COPYRIGHT(2019) Kirkus Reviews, ALL RIGHTS RESERVED.



Library Journal

July 1, 2019

It's been months since Autumn Spencer's twin sister, Summer, disappeared from the roof of their Harlem brownstone without a trace. Frustrated with what she sees as a lack of interest in her sister's case and worried that Summer will become another statistic, Autumn launches a one-woman crusade to figure out what happened. As she searches for Summer, Autumn fixates on news of a local serial killer and other stories of black women forgotten and abused, and her life quickly spirals out of control. Before long, the obsession is taking over, and she starts sleeping in her sister's bed and with her sister's boyfriend.

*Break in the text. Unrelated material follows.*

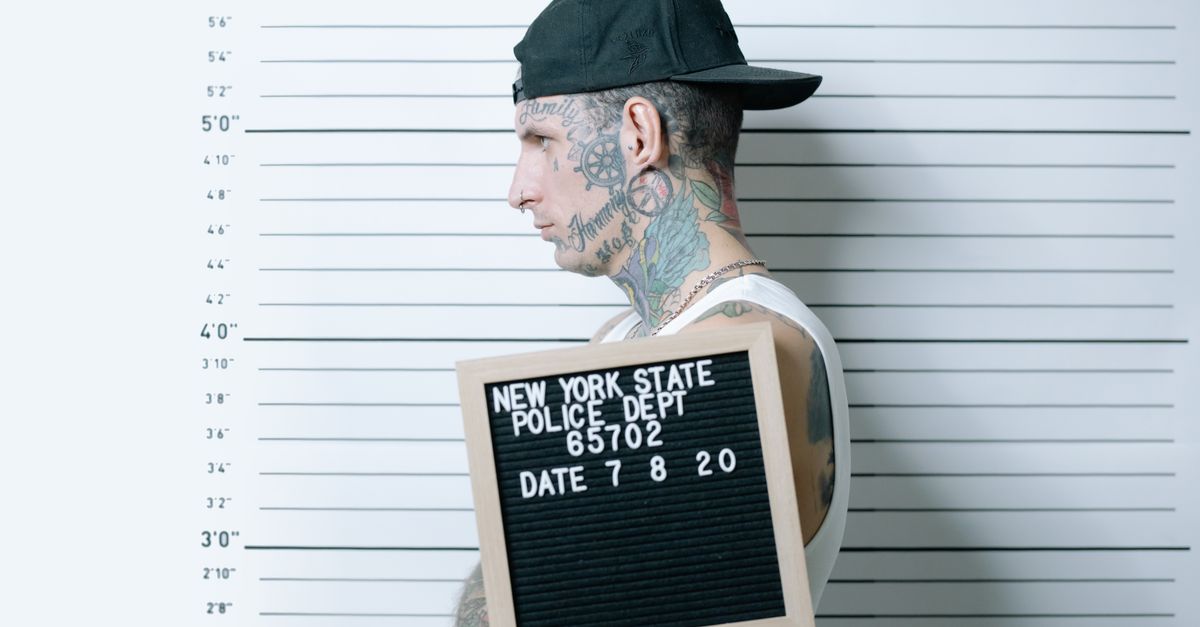 Side view of tattooed man holding mugshot board in police lineup.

The situation forces Autumn to confront uncomfortable truths until one day the reality of Summer's disappearance nearly crushes her. Broken into four seasons, the narrative begins in winter and is a slow build. Buckhanon's (Upstate) tale hits its stride sometime during the spring and doesn't slow down until the fall wrap-up. There is a frenetic and abstract quality to the writing, but it matches the state of mind of the unreliable narrator. VERDICT Readers looking for contemporary suspense with a social justice twist will appreciate the storytelling.--Vicki Briner, Broomfield, CO

Copyright 2019 Library Journal, LLC Used with permission.



Booklist

Starred review from May 15, 2019
What do you do when your twin, your other half, disappears, and no one seems to notice? Autumn Spencer remembers the bewildering night when her sister, Summer, vanished off a snowy Harlem apartment rooftop, leaving only one set of footprints. Three months later, Summer appears to have been forgotten by her ex-boyfriend, their neighbors, and the police. With the help of one sympathetic detective, Autumn attempts to reconstruct the past, sorting through diaries, photos, and artwork to solve a mystery that reaches back to a childhood trauma. Autumn is following Summer, or is Summer fleeing Autumn? Buckhanon (Solemn, 2016) captures Autumn's frustration at the undervaluing of black women, accompanied by the creeping gentrification of her Harlem neighborhood. Not only are individual Black women disappearing, so are the communities that keep them safe. Autumn muses on the importance of mutual support: Did it make me racist that I'd throw the oxygen mask to a young sister across the aisle before I passed it to the senior white woman in the middle seat next to me? Yet it is Buckhanon's elegant images of grief that most captivate. To Autumn, her lost sister's shoes appeared desperate to be worn again, waiting by the door in fidelity like loyal pets, shaped in time to their owner's still-missing person. Devastating.(Reprinted with permission of Booklist, copyright 2019, American Library Association.)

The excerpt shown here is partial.